La campagne électorale est en cours en Afrique du Sud

Le journal sud-africain Business Day a rapporté le 4 janvier que la Commission électorale indépendante avait entamé le processus permettant aux Sud-Africains qui vivent et travaillent à l’étranger de s’inscrire pour pouvoir voter à partir de l’étranger, conformément aux dispositions de l’amendement de la loi électorale de 2013, lors des élections de 2014.

Les émigrés d’Afrique du Sud, pour la plupart de riches blancs, forment un important appui pour l’opposition, l’Alliance démocratique (Demoratiese Alliansie, DA). Entre-temps, le DA s’efforce de renforcer sa position dans la province du Cap-Occidental où il constitue le parti au pouvoir. Il cherche dans la province du Gauteng à arracher la majorité au gouvernement sortant du Congrès national africain (ANC) en faisant appel au vote de la classe moyenne noire dans la plus petite et plus riche province du pays.

Trois autres partis bourgeois, qui disposent chacun de moins d'un pour cent des sièges à l’Assemblée nationale, ont rejoint le Congrès du Peuple (COPE) dans une coalition appelée le Collectif pour la Démocratie (CD). COPE est une scission de l’ANC constituée en 2008 par des loyalistes partisans de Thabo Mbeki pour protester contre son limogeage humiliant du bureau national après avoir perdu la présidence de l’ANC à Jacob Zuma lors de la conférence du parti en 2007 à Polokwane. Tout comme l’ANC, le Collectif n’a rien à offrir aux pauvres.

Sur la soi-disant gauche, les seuls partis à lancer des appels aux travailleurs sont les Combattants de la liberté économique (Economic Freedom Fighters, EFF) du président exclu de la Ligue de jeunesse de l’ANC, Julius Malema, et le Parti ouvrier et socialiste (Workers and Socialist Party, WASP) qui, par le biais du Mouvement socialiste démocratique (Democratic Socialiste Movement, DSM), est aligné sur le Comité pour une Internationale ouvrière (Committee for a Workers’ International, CWI) de la pseudo-gauche.

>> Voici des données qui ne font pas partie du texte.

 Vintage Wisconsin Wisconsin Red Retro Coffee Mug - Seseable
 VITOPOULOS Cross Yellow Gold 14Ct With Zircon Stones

Le DSM déclare sur son site web avoir pris la décision de former le WASP «conjointement avec les comités de mineurs». Il se vante de recevoir le soutien du National Transport Movement, qui a fait scission du Syndicat sud-africain des Transports (South African Transport and Allied Workers’ Union, SATAWU) et qui cherche à établir des relations avec le syndicat national des mineurs (National Union of Mineworkers, NUM). Le DSM s’appelait auparavant Tendance marxiste des travailleurs (Marxist Workers Tendency, MWT) de l’ANC.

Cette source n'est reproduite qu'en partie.